SIMD-0222
Fix alt-bn128 multiplication syscall length
Feature Gate Status
bn2puAyxUx6JUabAxYdKdJ5QHbNNmKw8dCGuGCyRrFN
TL;DR
The `alt_bn128_multiplication` syscall takes in a byte slice as input, interprets the bytes as a bn128 elliptic curve point/scalar pair, and applies point-scalar multiplication. If the byte slice input has improper length then the function terminates early. Specifically, if the byte slice has length greater than 128, then the function terminates early with an error. However, a bn128 curve point is 64 bytes and a scalar is 32 bytes. This means that the function should check if the byte slice is 96 bytes in length rather than 128 bytes. This document proposes to fix this length check by checking for the correct length.
Summary
The `alt_bn128_multiplication` syscall takes in a byte slice as input, interprets the bytes as a bn128 elliptic curve point/scalar pair, and applies point-scalar multiplication. If the byte slice input has improper length then the function terminates early. Specifically, if the byte slice has length greater than 128, then the function terminates early with an error.

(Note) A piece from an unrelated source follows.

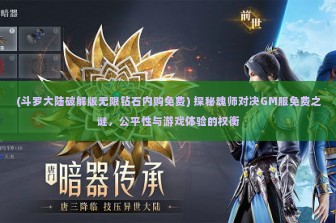 (斗罗大陆破解版无限钻石内购免费) 探秘魂师对决GM服免费之谜，公平性与游戏体验的权衡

However, a bn128 curve point is 64 bytes and a scalar is 32 bytes. This means that the function should check if the byte slice is 96 bytes in length rather than 128 bytes. This document proposes to fix this length check by checking for the correct length.
Motivation
The `alt_bn128_multiplication` function still works with the incorrect 128 length bound since a correct input of 96 bytes is still less than 128 bytes. However, there could be successful inputs that are greater than 96 bytes and smaller than 128 bytes in length. This could cause application logic harder to debug.
Impact
This fix will prevent accidental misuse of the `alt_bn128_multiplication` syscall function and make programs easier to debug.
Security Considerations
This does update the behavior of the syscall function and therefore, should be properly feature-gated.